GS: For a laborer who is paid an hourly wage, or someone living in the countryside far from their nearest bank, reaching a branch can carry a significant cost. Today, financial institutions utilize a face-to-face onboarding process, which is often branch-based and not scalable from a cost perspective. Utilizing digital channels allows banks to scale without using branches. This is an opportunity in emerging markets where the banking infrastructure is limited, but where smartphones are increasingly plentiful.

Enabling eKYC through mobile channels is critical. In India, we are ramping up to onboard over 8 million customers a month. In Vietnam, regulatory change at the end of 2019 allowed us to introduce eKYC for banks, and several companies have signed up to use our services in the first two weeks of January, with several more in the pipeline, to onboard close to 1 million customers a month.

We have to be conscious that AI models often have to be localized for different populations. For example, we train our AI models on Vietnamese faces to deploy it for the Vietnam market, and similarly do so for Indian faces in the India market. Many AI models trained on specific groups perform poorly on different populations. This invokes questions of fairness and equity, especially for neural network models, as we need to ensure that there is some transparency around why certain customers are rejected in an eKYC process, and that there are manual review processes for edge cases.

Kr: What preventive methods does TrustingSocial implement to prevent fraud? 

GS: Onboarding has to be done safely, as fraudulent identities cost banks significant amounts of money. For example, in one proof of concept for a Vietnamese bank with a small data set of their customers, we found 1.6% of the customers in their test pool used fraudulent identities. Detection is critical not just for banks, but also for emerging digital money and fintech sectors.

While running our product in three markets, we have seen many innovative spoofing attacks. This mostly involves a customer using some form of mask or digital image to fake their identity and pretend to be someone else.

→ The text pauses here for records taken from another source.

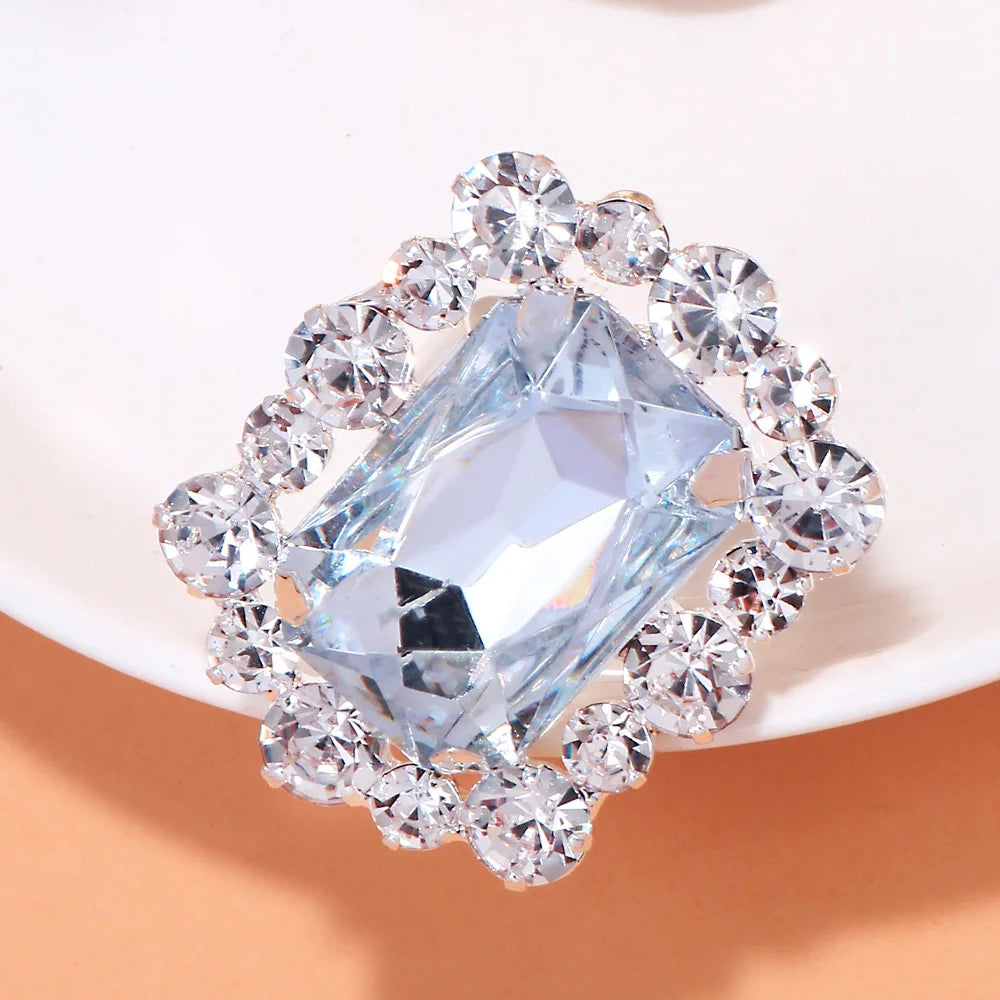 2025 Exaggerate Oversize Transparent Square Crystal Ring for Women Fashion Party Rhinestone Cocktail Ring Open Hand Jewelry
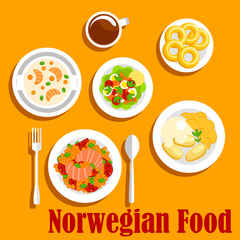 Fish dishes of norwegian cuisine flat icon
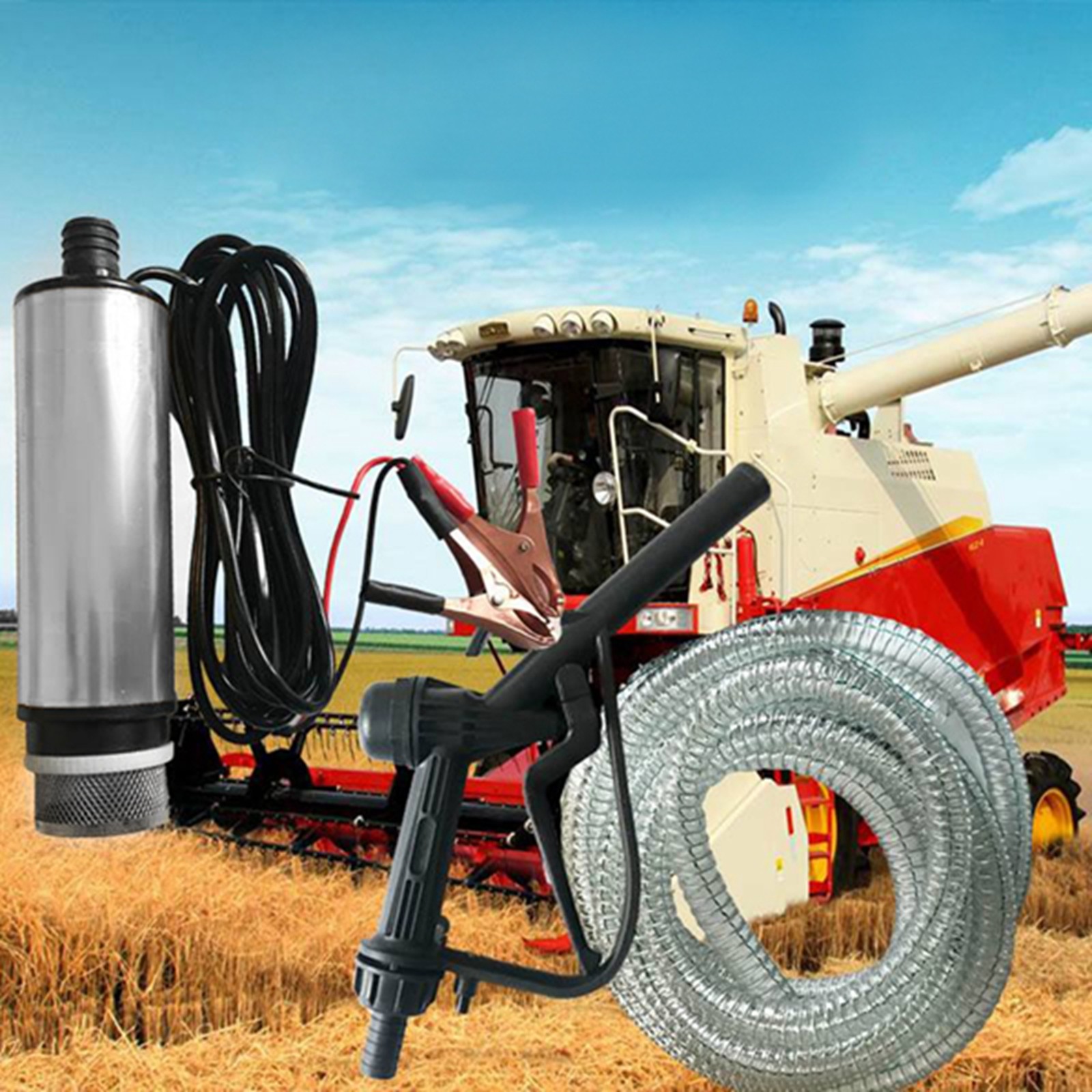 .DC 12V/24V Submersible Pump For Pumping Oil Water 51mm Water Oil Fuel Transfer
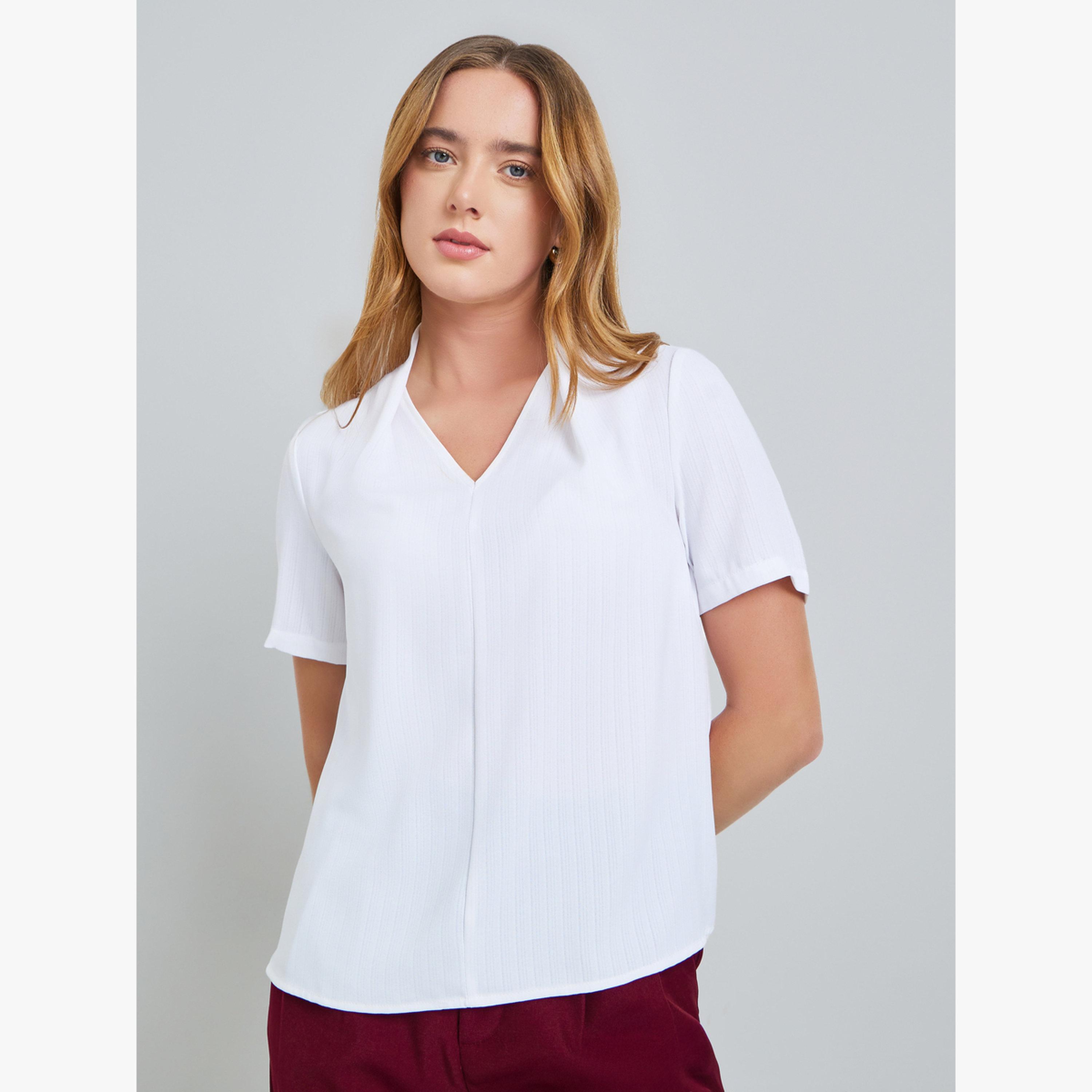 Take Two White Solid V Neck Short Sleeves Top-women-clothing-shirtsandblouses-blouses-image-1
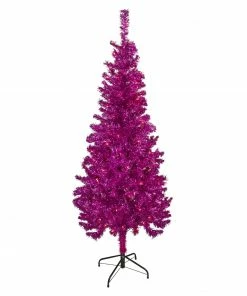 Northlight 6' Pre-Lit Pink Artificial Tinsel Christmas Tree, Clear Lights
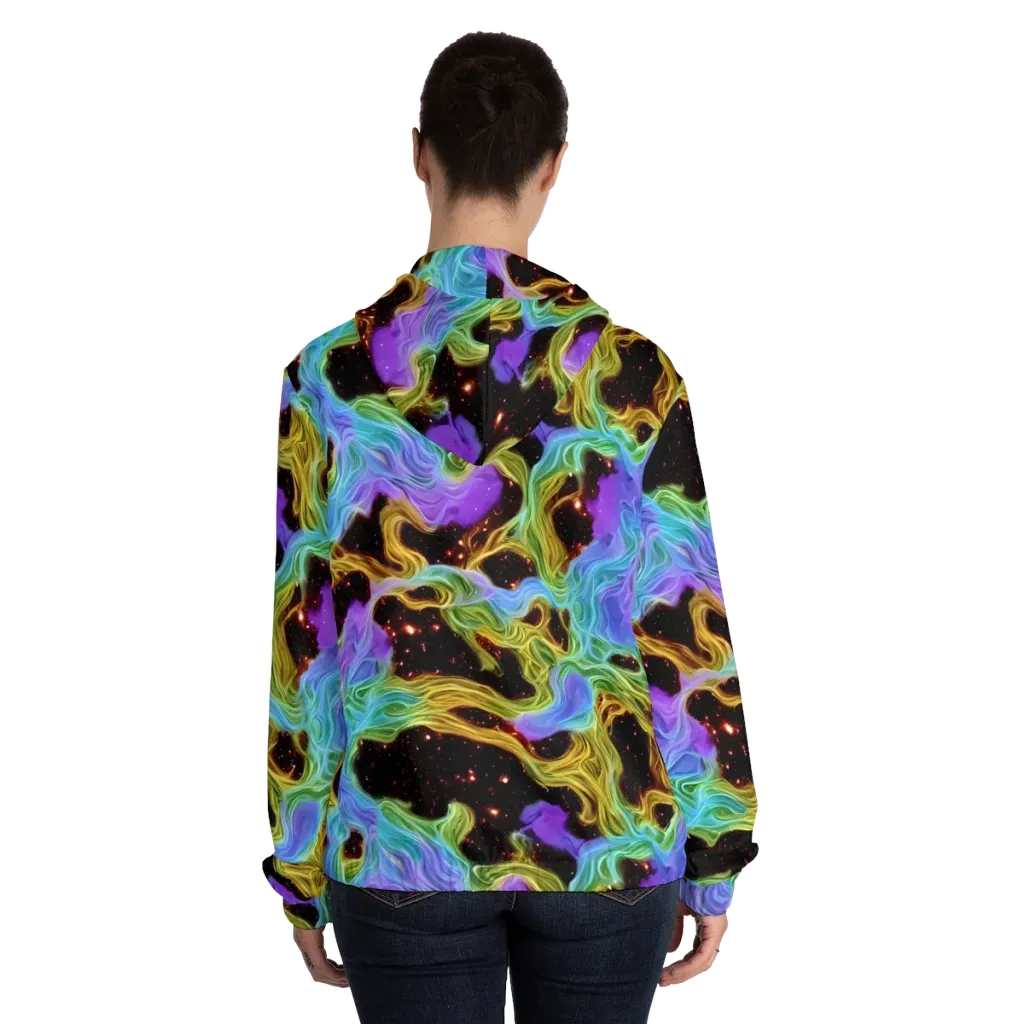 Galactic Tides on Women's Full-Zip Hoodie — Back On Person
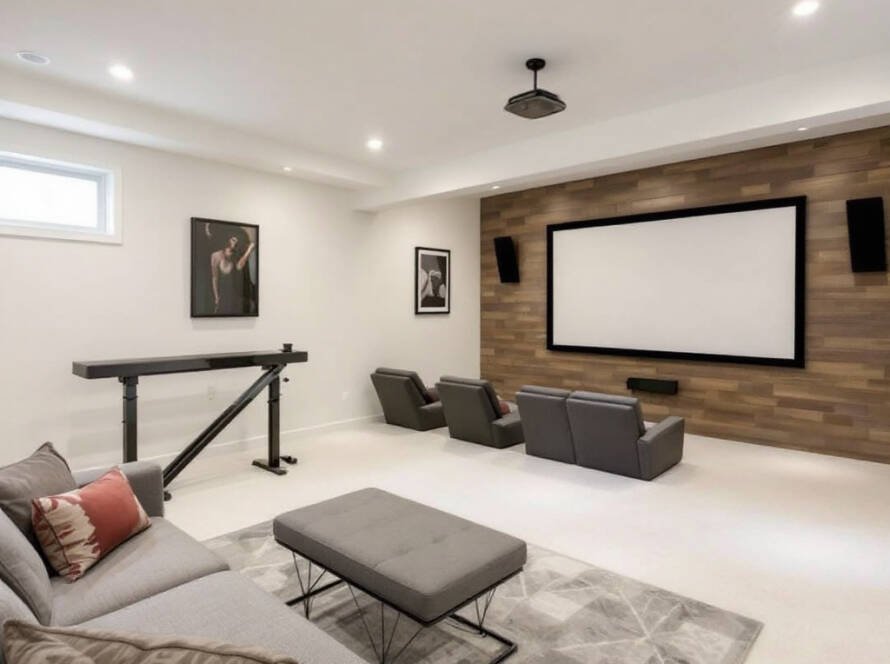 Modern and contemporary styled basement renovation in Boston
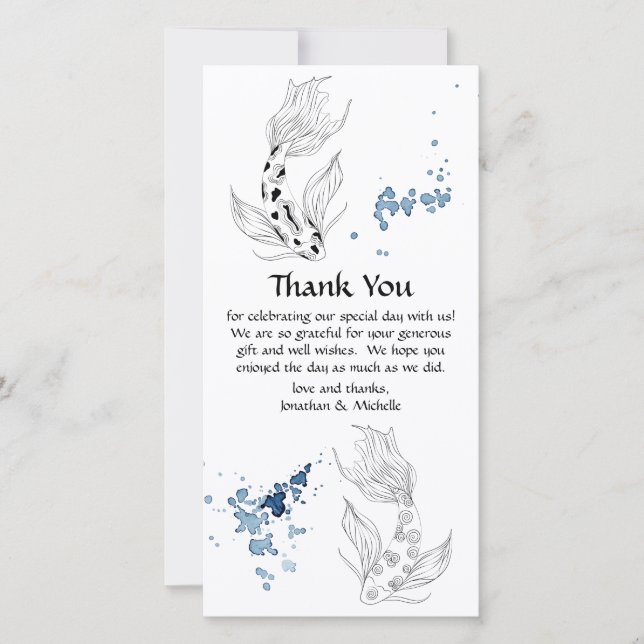 Carte De Remerciements Beau japonais Koi Mariage de natation (Devant)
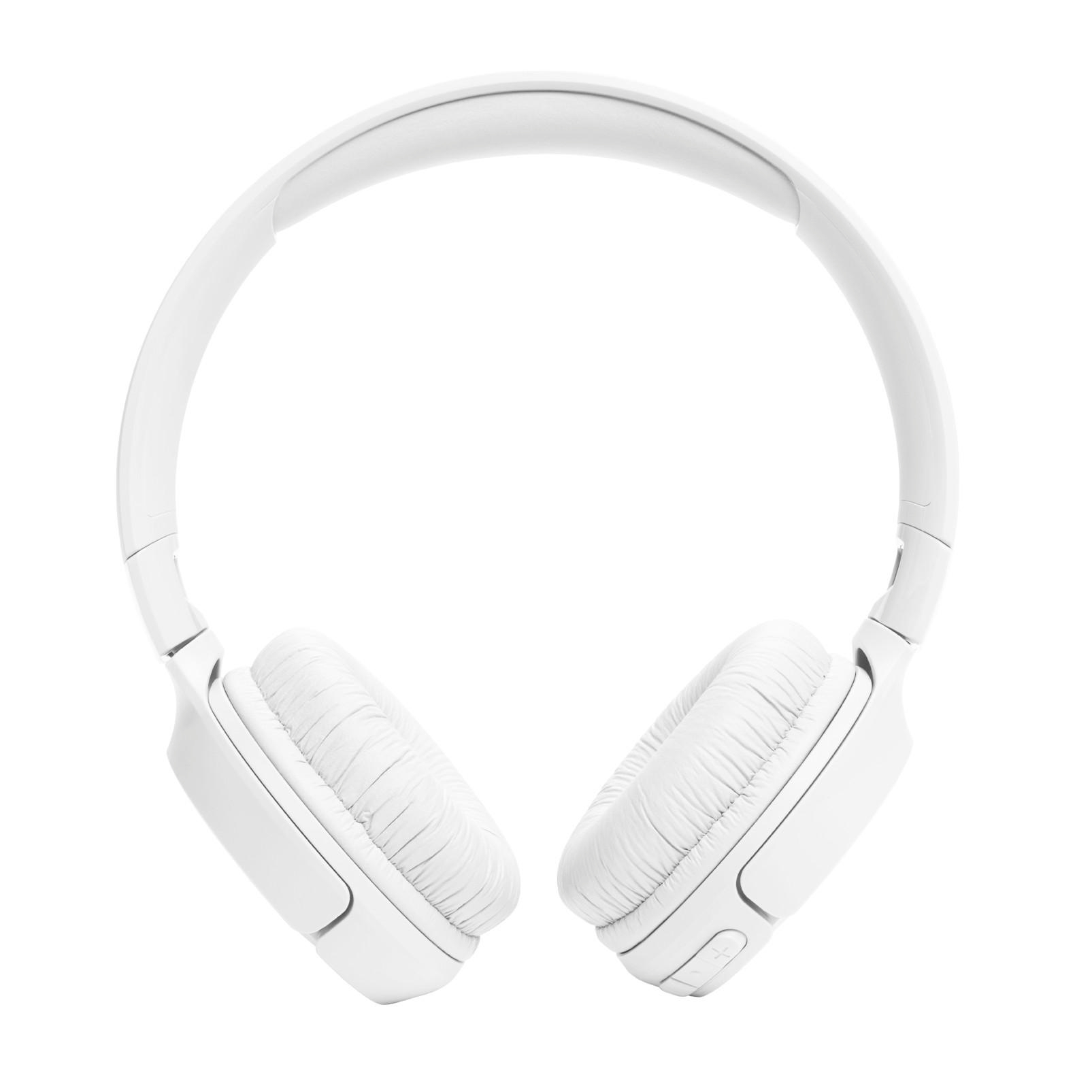 Weiße Over-Ear-Kopfhörer mit gepolsterten Ohrmuscheln und einem gebogenen Kopfbügel.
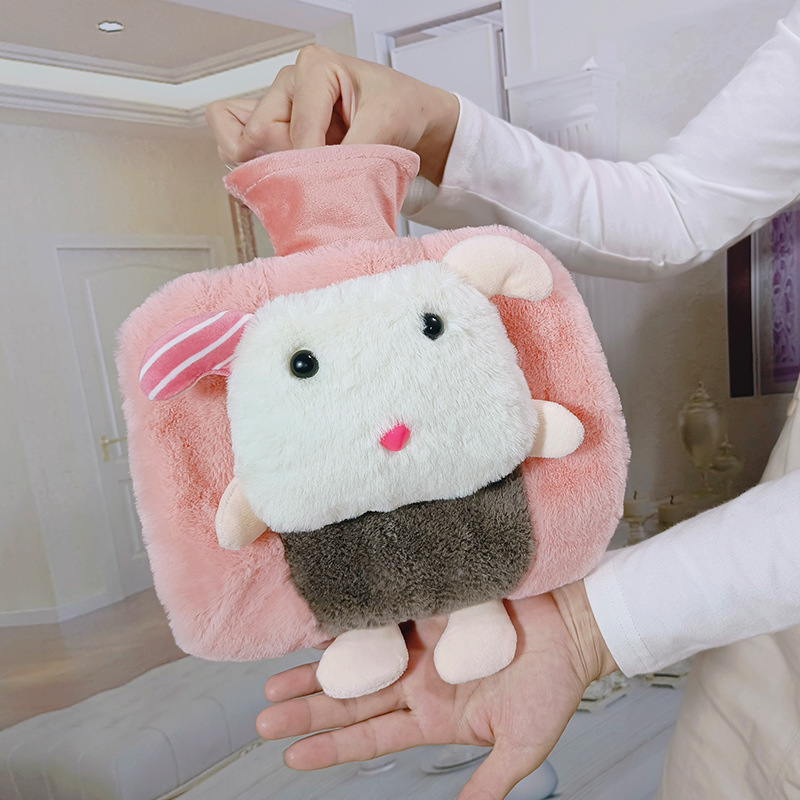 Picture of Pvc Plush Double-Hand Water-Filled Hot Water Bottle, Thickened and Washable Hot Water Bottle Cover, Belly Warmer, Hand Warmer, Cross-Border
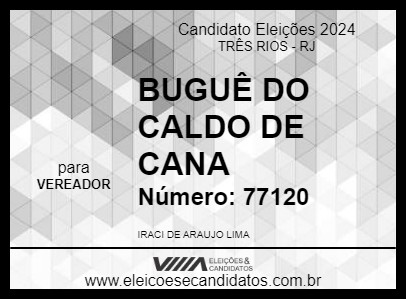 Candidato BUGUÊ DO CALDO DE CANA 2024 - TRÊS RIOS - Eleições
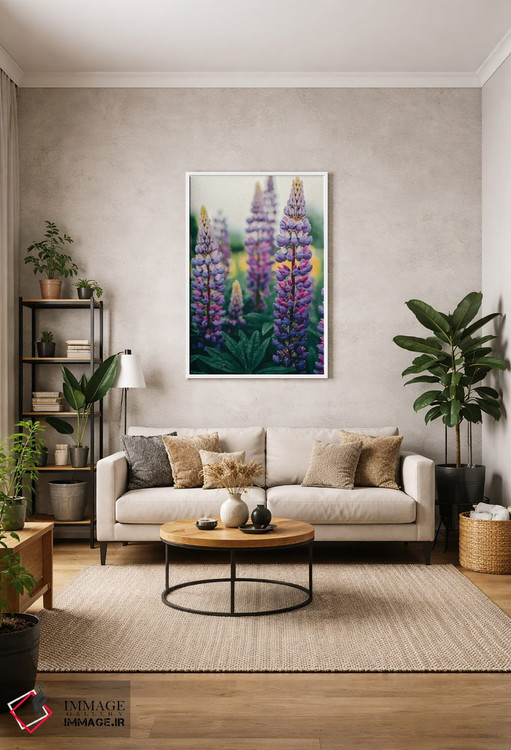 تابلو دکوراتیو گل های لوپین در چمنزار بهاری اثر اولیویا جوی سنت کلر - D1W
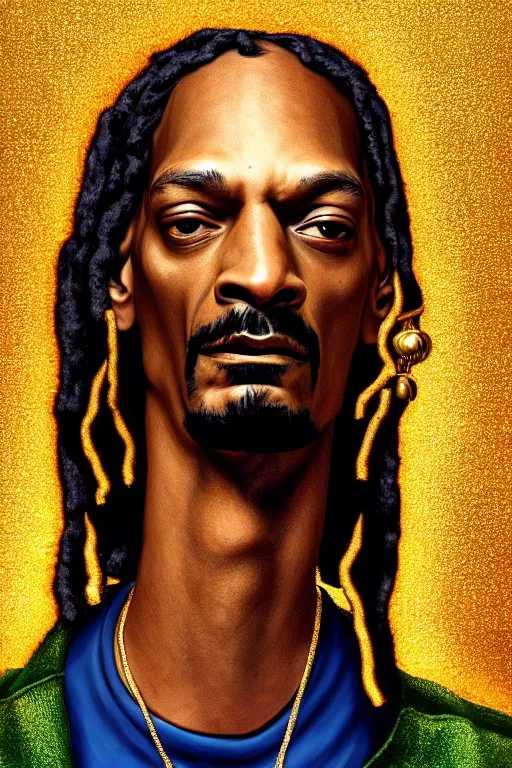 Prompt: Portrait of snoop dog as gangster, elegant, photorealistic, highly detailed, artstation, smooth, sharp focus, gold ornaments, neon lighting, sci-fi, art by Klimt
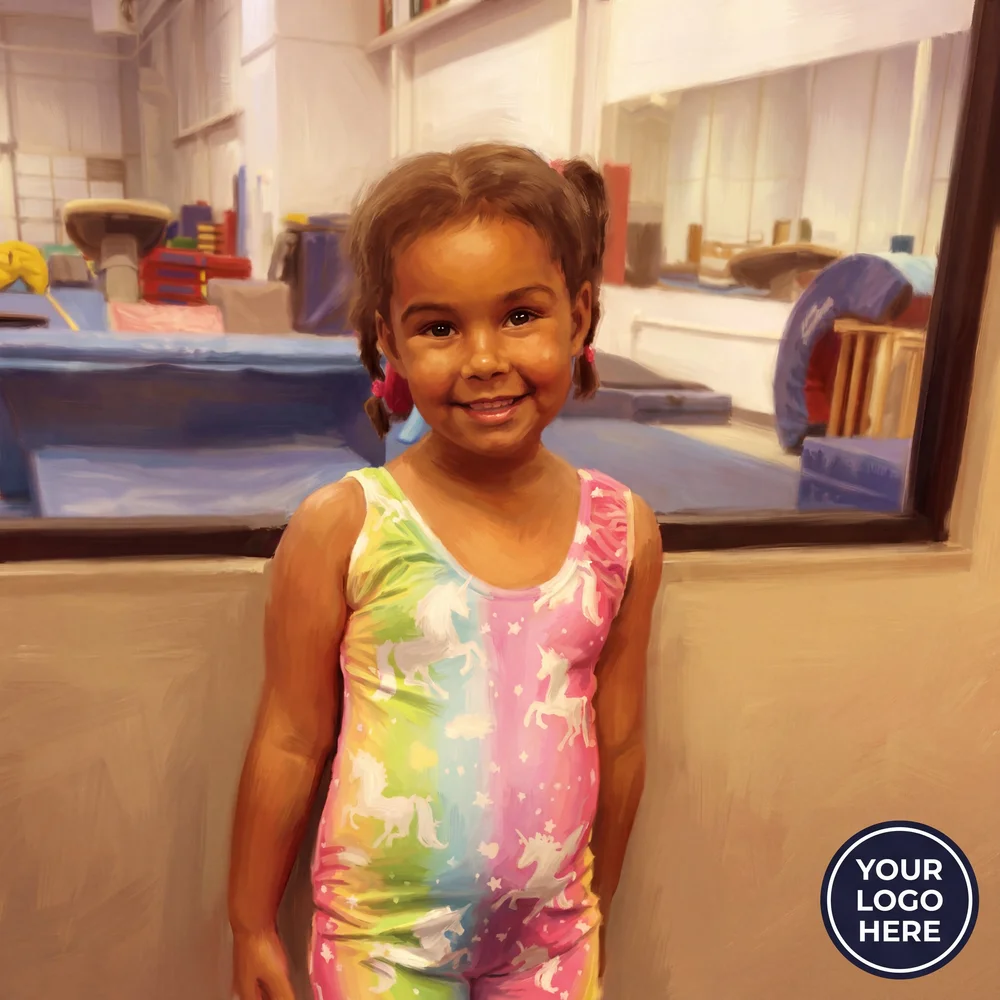 Illustrated portrait of the girl in her gymnastics leotard with a logo placeholder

The variations on different kinds of masks are simply amazing.

The use of facial recognition with various forms of liveness detection to see if a customer is present and checks for mask-based attacks help us tackle spoofing. However, attacks are constantly evolving, and it is essential and fortunate that we have a highly responsive and innovative AI research team that continually updates their models.

We also run a “face retrieval” product to scan over a million faces to identify cases where the same customer applies for a financial product with a different identity. This is meant to reduce one particular fraud vector. Tampered or fake identification cards are also a common problem.

Kr: Which regulations impact or define your operation? 

GS: Because we work with telcos, which is a heavily regulated sector, we have to be very conscious of privacy, trust, and safety. This influences our entire product development cycle—how we build our APIs, test our models, deploy our models and servers, and run our operations.

Ensuring that data is anonymized, that we obtain customer consent, and running strict procedures for how data is accessed is mission-critical and challenging. In a new area like this, we also have to engage regulators in dialogue, as they also need to see the societal benefits from our innovations, to be willing to open up the space for experimentation with new technologies.

The interview has been edited for brevity and clarity.